Records drawn from a dataset:
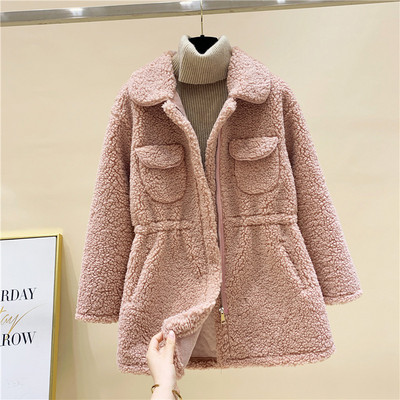 Női pehelykabát közepes hosszúsággal és zsebekkel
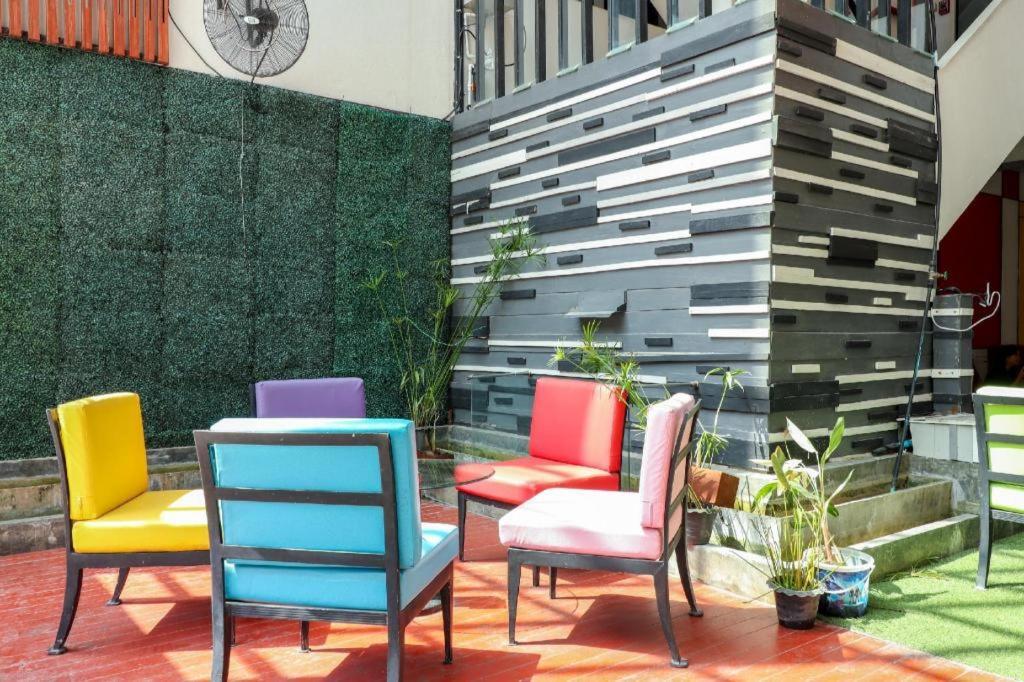Oyo 412 7 Days Hotel — Photos 3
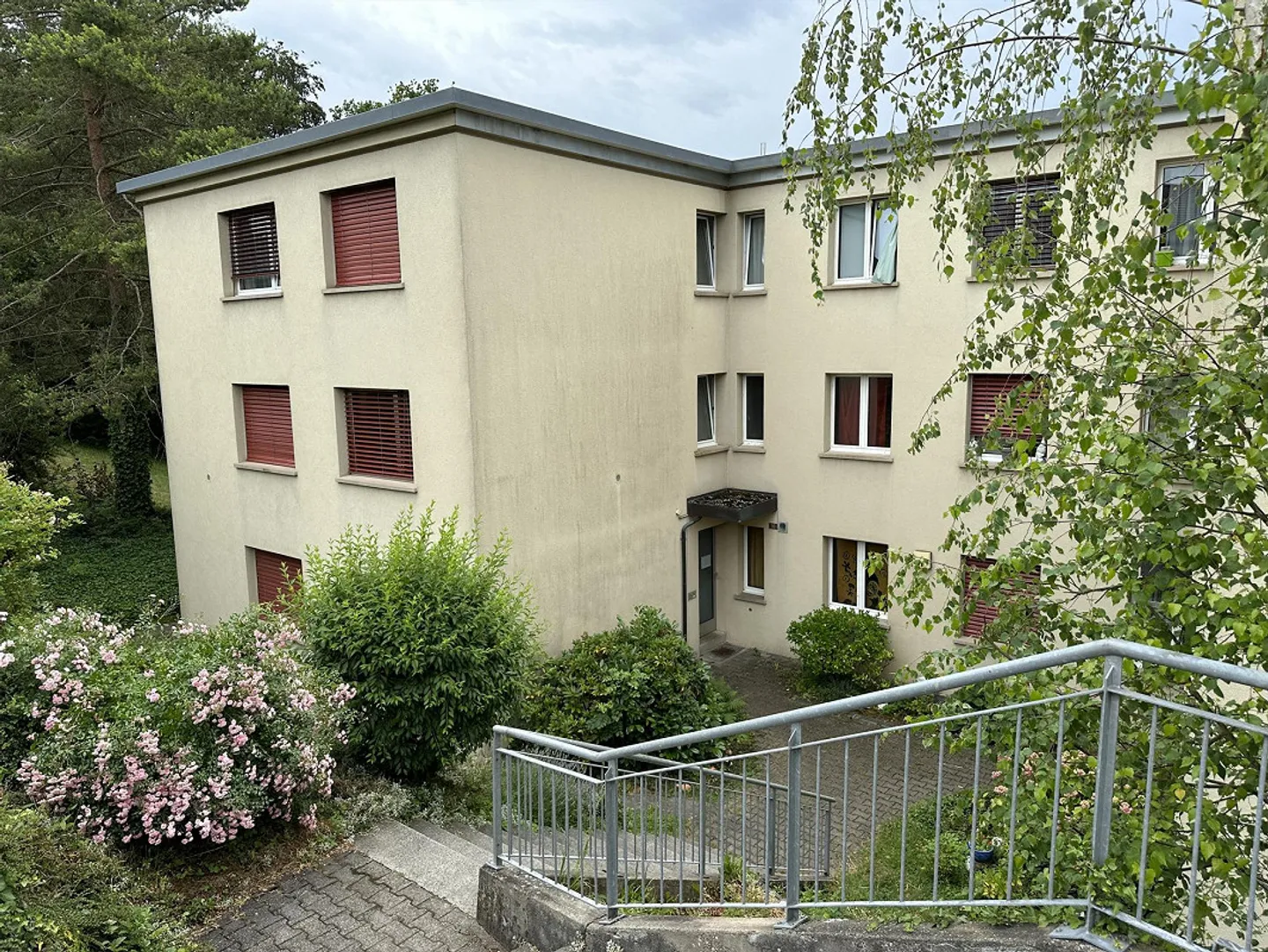 Appartamento 4.5 stanze tranquillo e soleggiato con vista aperta in affitto - Foto 1 di 6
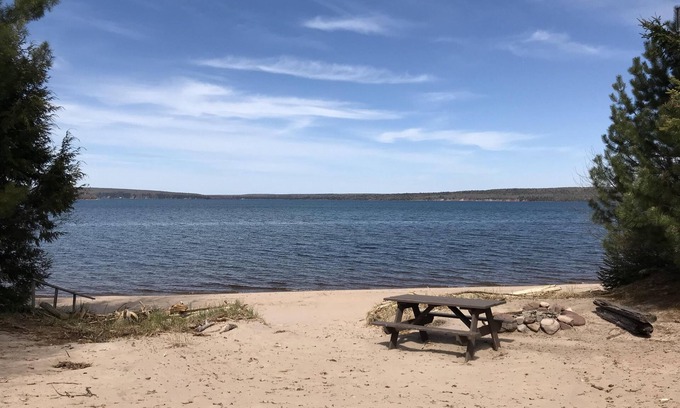 Munising Cabina | Una gran vista de la isla en una gran playa de arena, chimenea, porche filtrado.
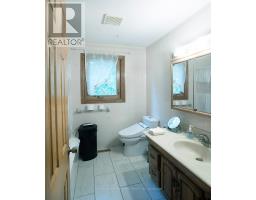 802 PHYLLIS STREET - 10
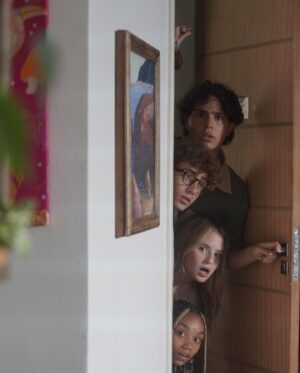 Enzo Krieger Instagram - Olha essa novidade Brasilllll!!
Estamos chegando nas telonas de todo o Brasil.
Com muito orgulho venho contar que iniciamos as gravações das -As Aventuras de Poliana, o filme-, novo longa nacional produzido pela @panoramica_filmes 

Está ficando demais.

É uma coprodução com o SBT e distribuição da Warner Bros. Pictures. @wbpictures_br @sbt 
E com um elenco muito especial😍

Ansiosos??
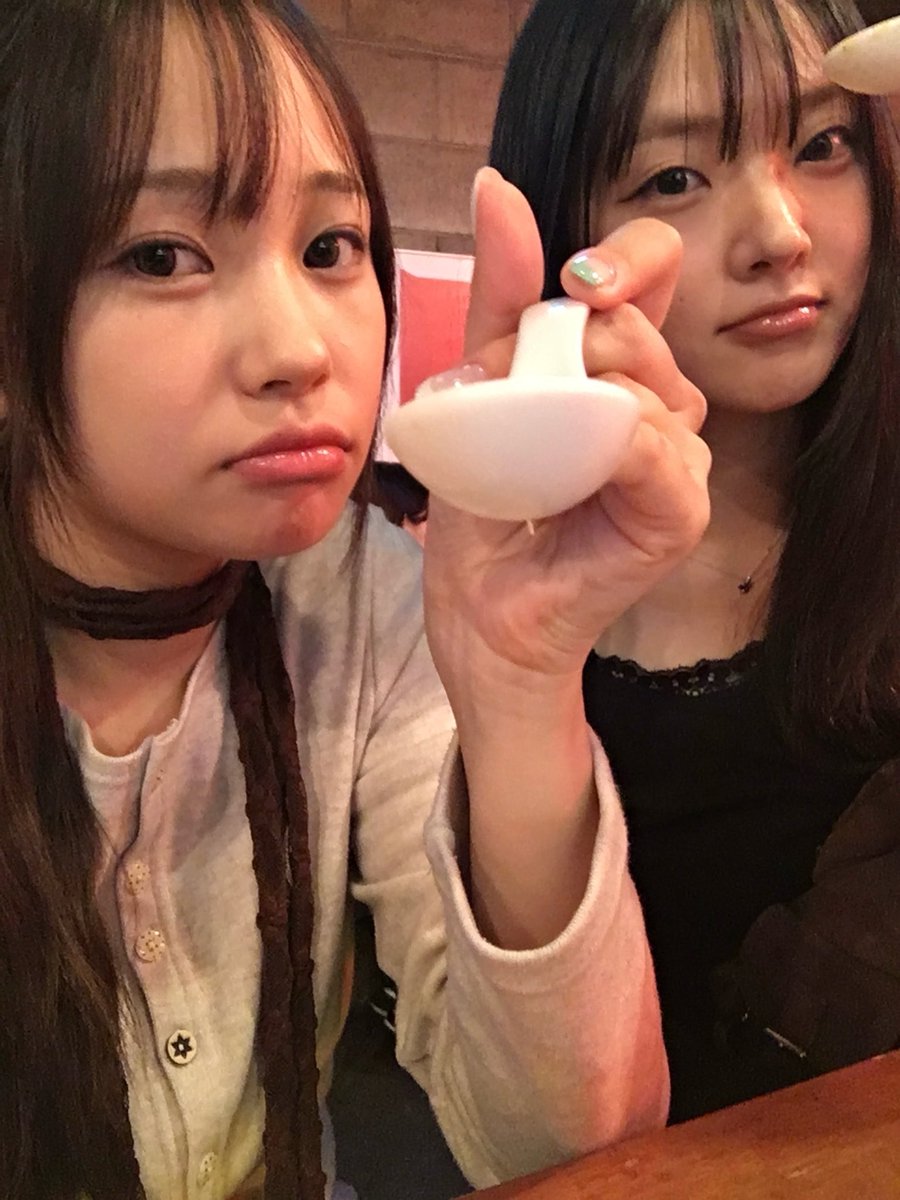 🍒💭 tweet media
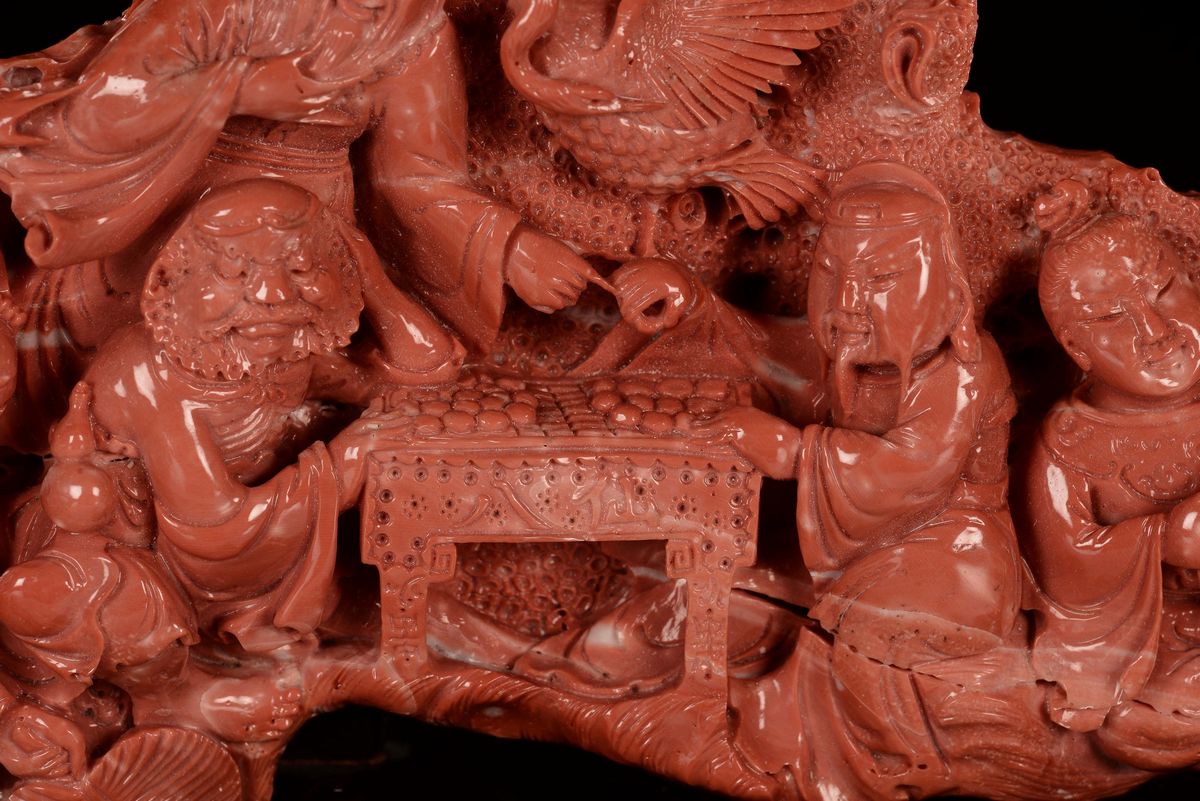 Gruppo Scolpito in Corallo Raffigurante Scene di Vita Comune, Cina, Dinastia Qing, Fine XIX Secol...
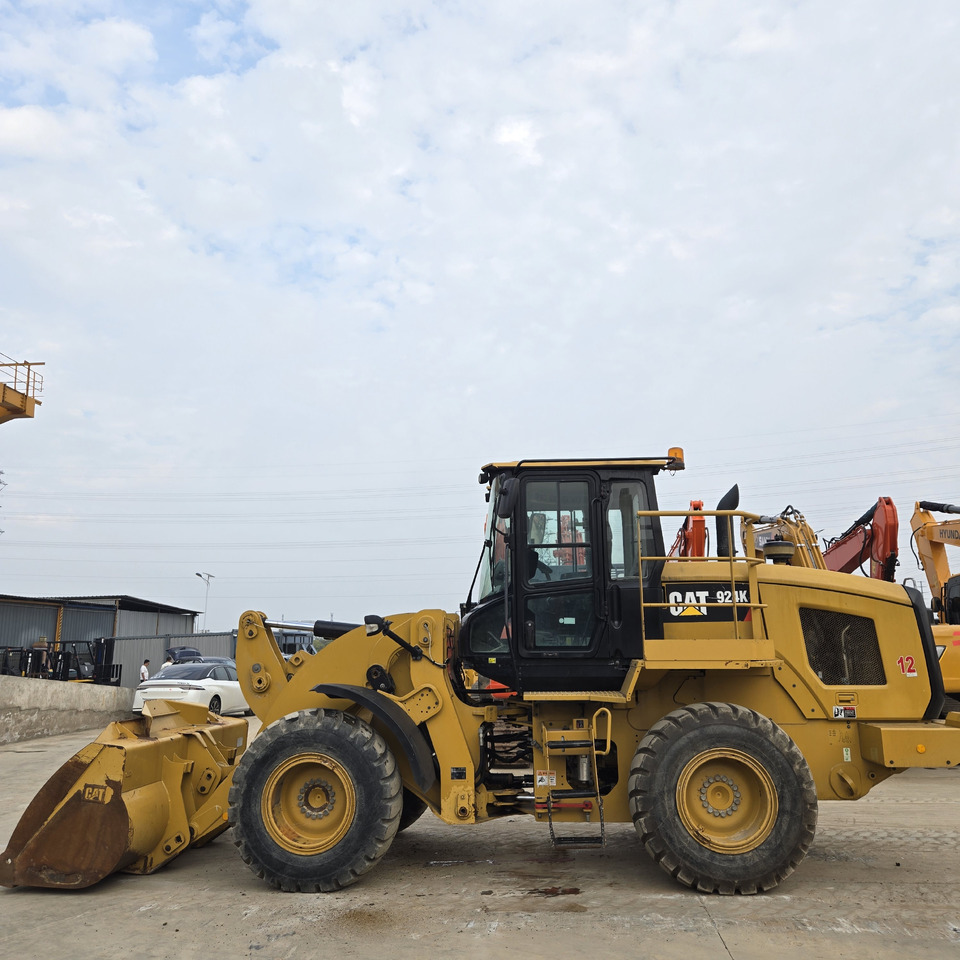 CATERPILLAR 924K - Excavator pe roţi: Foto 3 CATERPILLAR 924K - Excavator pe roţi: Foto 3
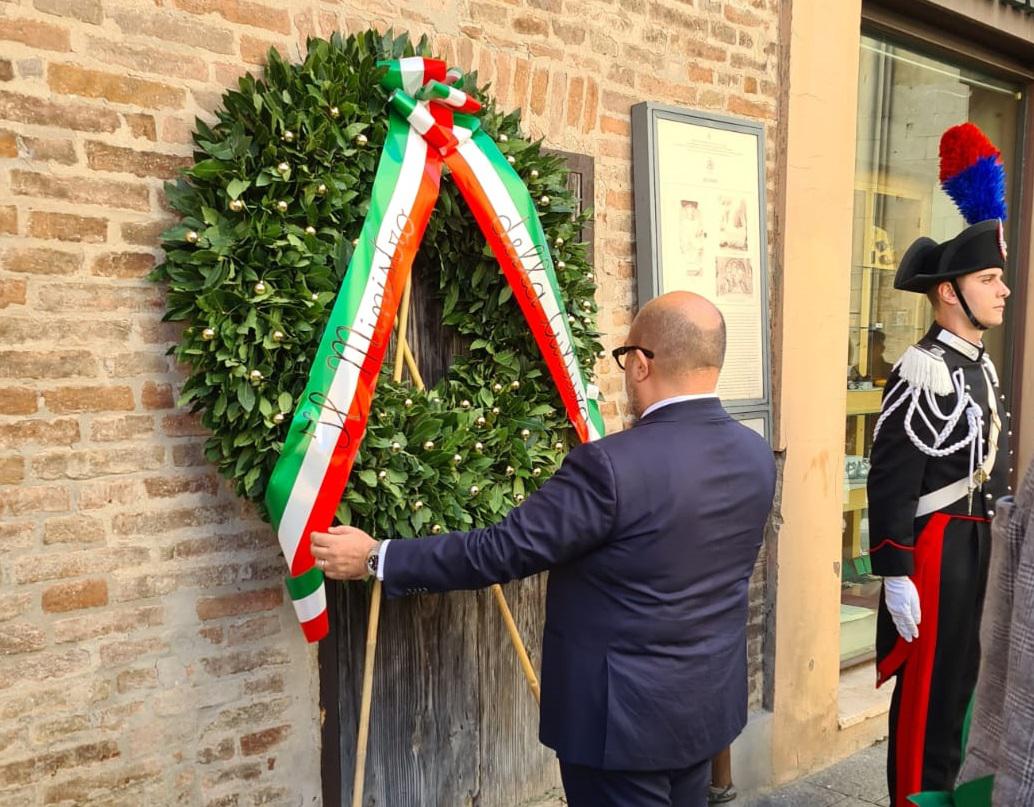 Modena, il ministro della Cultura Sangiuliano depone una corona a memoria di Angelo Fortunato Formiggini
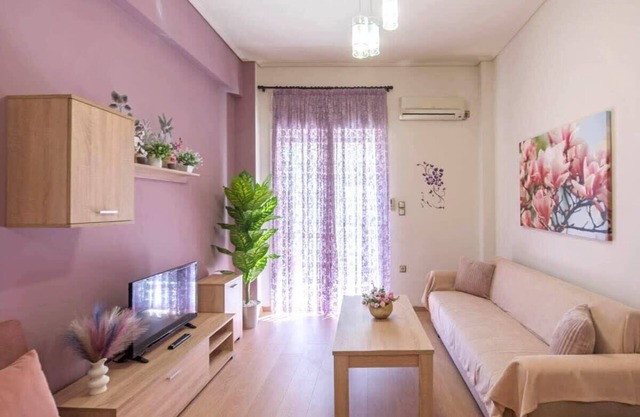 Sweet home in Zografou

• _The problem_
Only the lines from the one containing "Gruppo Scolpito in" through the last line of the data belong in the copy, both included and reproduced exactly. Pictures do not.

• _Problem solution_
 Gruppo Scolpito in Corallo Raffigurante Scene di Vita Comune, Cina, Dinastia Qing, Fine XIX Secol...
 CATERPILLAR 924K - Excavator pe roţi: Foto 3 CATERPILLAR 924K - Excavator pe roţi: Foto 3
 Modena, il ministro della Cultura Sangiuliano depone una corona a memoria di Angelo Fortunato Formiggini
 Sweet home in Zografou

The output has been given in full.